After lunch (on the fourteenth floor: I rise and rise), I cycled to Bletchley for a nostalgic visit. Each time I find myself further from my moorings: once these were streets of working-class family houses, but now they are inhabited by working-age adults who turn gardens into car parks and lean-tos into living spaces. The only trace I could find in my parents’ old house were some Japanese anemones. Almost twenty years ago I planted some from my own garden into their front garden and they thrived. I will assume that these are the very same flowers, since nothing about the house now suggests that the residents tend to anything other than their own business.

Radical Landscapes

An exhibition at Tate Liverpool, looking at landscape from the early twentieth century onwards in relation to history, identity and dissent. It didn’t really sound like my kind of thing and on entering I was immediately put off – as I am more and more these days – by the competing soundscapes that greeted me. John Berger (always worth listening to) on a loop competed with a dreary reciting voice, a bank of TV screens (like a cut-price Radio Rentals) and a 1950 MAFF information film advising farmers what to do in the event of a nuclear attack.

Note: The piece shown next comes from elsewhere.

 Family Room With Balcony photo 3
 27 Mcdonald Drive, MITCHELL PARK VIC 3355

I found the exhibition incoherent but occasionally stimulating. The poor British landscape! It seemed on this reading to exist to promote wellbeing and validate identity, host raves, provide a living, represent an Earth Mother and inspire acts of creativity. Can it bear the weight of all these expectations? There was plenty about land ownership (Berger is brilliant on that) and resistance to it, but nothing about non-anthropocentric nature or beauty. There was an air of disappointment that Constable’s Flatford Mill said nothing about the enclosures, which is . . . OK, whatevs. But to say that it depicts the countryside as a place of leisure when a boy is clearly leading the horse towing the boat is off beam. He’s not doing dressage: he’s working.

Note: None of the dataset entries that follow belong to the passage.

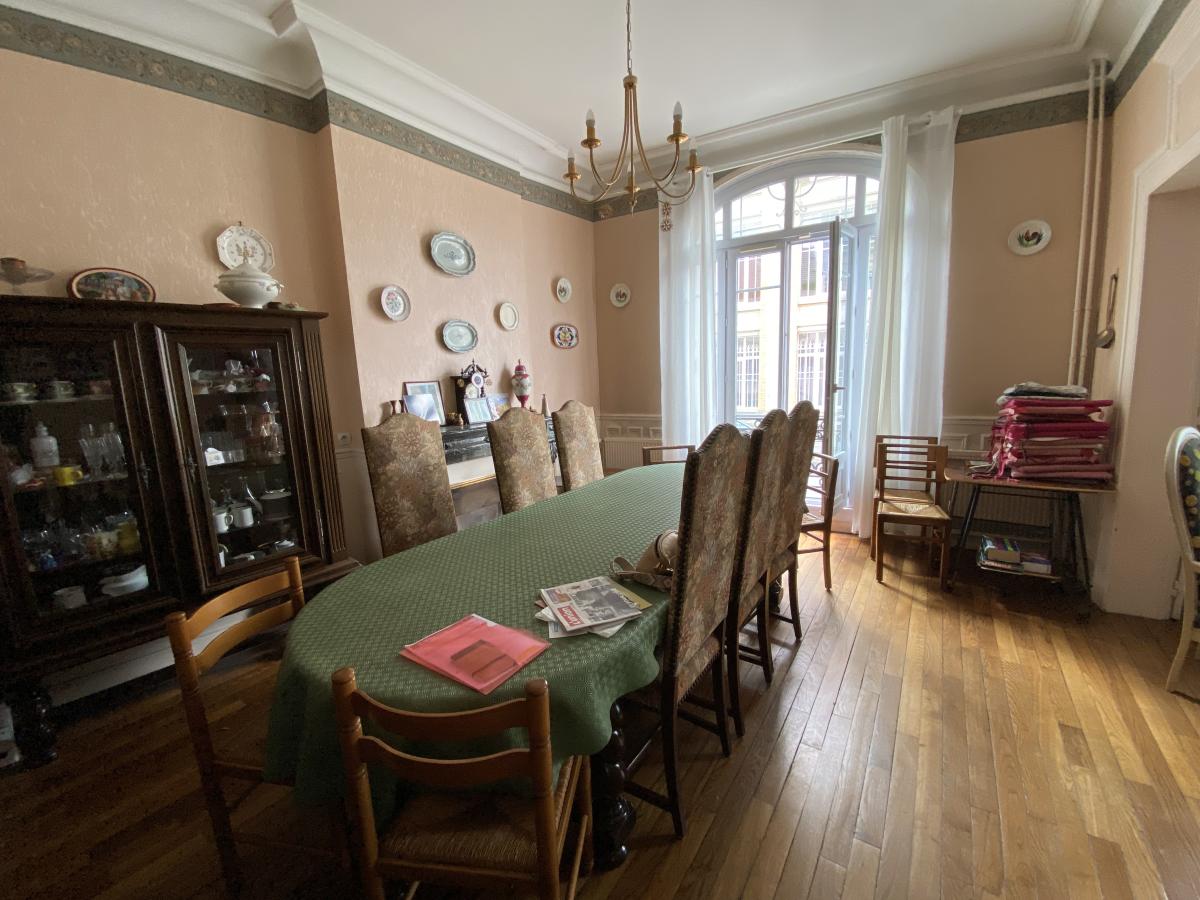 Vente - Maison -  9 pièce(s) -  211 m² à Reims - image 1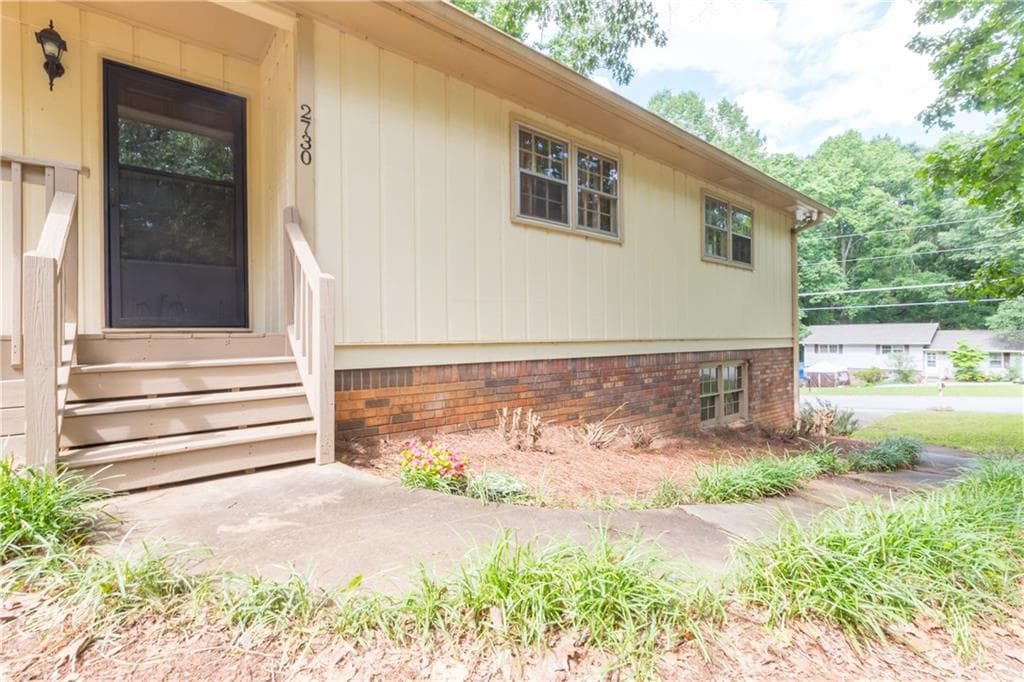 3 bedroom, 1,440 sq ft single family residence sold at 2730 Meadow View Drive, Acworth, GA 30102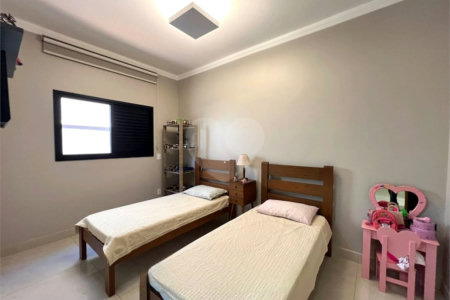 Casa à venda com 3 suítes no condomínio Praça dos Pássaros, Ribeirão Preto - SP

Yes, of course my attention was caught by some exhibits. Tacita Dean’s oak, Eric Ravilious, John Nash, the discovery of the odd-sounding Kibbo Kift, and even, momentarily, Ruth Ewan’s ”Back to the Fields”. This was a representation of the French Republican calendar, with its ten-day weeks et al. I was ready to yawn but didn’t. The installation itself – 360 agricultural objects representing a rural alternative to the saints calendar (a day for barley rather than St Barnabas) – was underwhelming until I focussed on two or three objects, moved away from the visual, and thought about the aims behind the restructuring of the calendar: a desire to sweep away all religious references, to rationalise the way time is counted, to focus on the essential rural labour that feeds us all. The fact that the installation had been plagued with fruit flies was ironic: art having no idea of the messier side of nature.

Moore’s sculpture invited touch (I didn’t) and sent me thinking about mushroom clouds and brains (the Mekon) and war (a Spartan helmet).

What remains, however, are Chris Killip’s black-and-white photographs of seacoal gleaners in Northumberland. Magnificent and bleak, they captured perfectly what the rest of the exhibits had overlooked: the rawness of the natural world and how being a part of it is discomforting as well as elemental.

Liverpool

Liverpool: you can see why it’s lost its UNESCO world heritage status

To Liverpool in the rain to visit the Walker again and to see the Don McCullin exhibition at the Tate. I had actually seen most of the photographs before in Manchester, so I skipped most of the war reporting. McCullin prints his own B&W photos, so there was an element of (perfectly acceptable) artifice in his later landscapes: the dazzling reflections and the very black shadows. The reportage photos were mesmerising, mixing the human with the humorous and the horrible. The photo from a Finsbury Park café brought to mind Dix’s portrait of a hostile-looking boy.